Well, “Biggest Loser” trainer Bob Harper would like to get you back on the health-and-fitness path. And he’d like you to do it by talking to your food. And to your treadmill. Actually, he would like you to scream profanities at them.
Welcome to Bob Harper’s “ ... You “ diet. (You know what the expletive is, people, but we are not allowed to write it out on our website, so use your imagination.)
The rules of this diet-and-fitness regimen are very simple. In fact, they are the rules that Harper says he uses when he is tempted to indulge in a piece of chocolate cake, or skip a workout and sleep in. Instead of giving in, he gets mad -- and then he starts cursing like a sailor. He suggests you do the same.
Let’s listen in as Harper takes a break from filming Season 13 of “The Biggest Loser” to give us an inside peek at the renegade techniques he uses in this never-to-be-published diet:
“If your friends are eating that chocolate cake and you know it’s not the day you are supposed to have it, say ‘ ... that cake!’”
Put on your swagger jacket and let rip, Harper says. That cake doesn’t have any power over you. That’s an inanimate object sitting on a plate that can be tossed in the garbage with a flick of the wrist. How can something so insignificant have any power over big ol’ you?
Though it sounds like Harper is joking around, he’s deadly serious. Such verbal self-coaching, while unconventional, will help you break the spell that the chocolate cake, French fries or any other indulgence might hold over you, he said.
“It empowers you,” he said. “Just say, ‘No! I’m not going to sabotage everything that I have been working so hard on for that piece of cake. Is that piece of cake worth it? No!’”
This self-coaching also work in reverse -- use it to get your workout game on, he said.
Let’s listen again as Harper gives an example of how he revs himself up to hit the treadmill when he just doesn’t feel like it.

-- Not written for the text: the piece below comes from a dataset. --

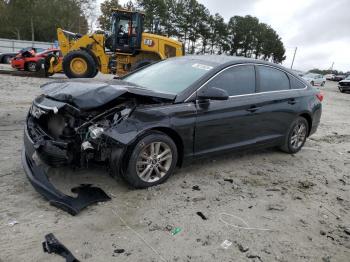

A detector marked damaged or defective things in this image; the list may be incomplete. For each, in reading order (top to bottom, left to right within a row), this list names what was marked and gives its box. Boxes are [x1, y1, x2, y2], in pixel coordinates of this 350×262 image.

“That treadmill is going to get the best of me? No. That treadmill is not going to get the best of me. That treadmill doesn’t even have a heartbeat. I’m not going to give you another thought. I’m going to take advantage of you. I’m going to ride you and then not call you the next day! ... you, treadmill!”
Harper said such measures, while extreme, can work if people put some emotion into their words.
“Try it,” he said. “It’s empowering. And it’s fun.”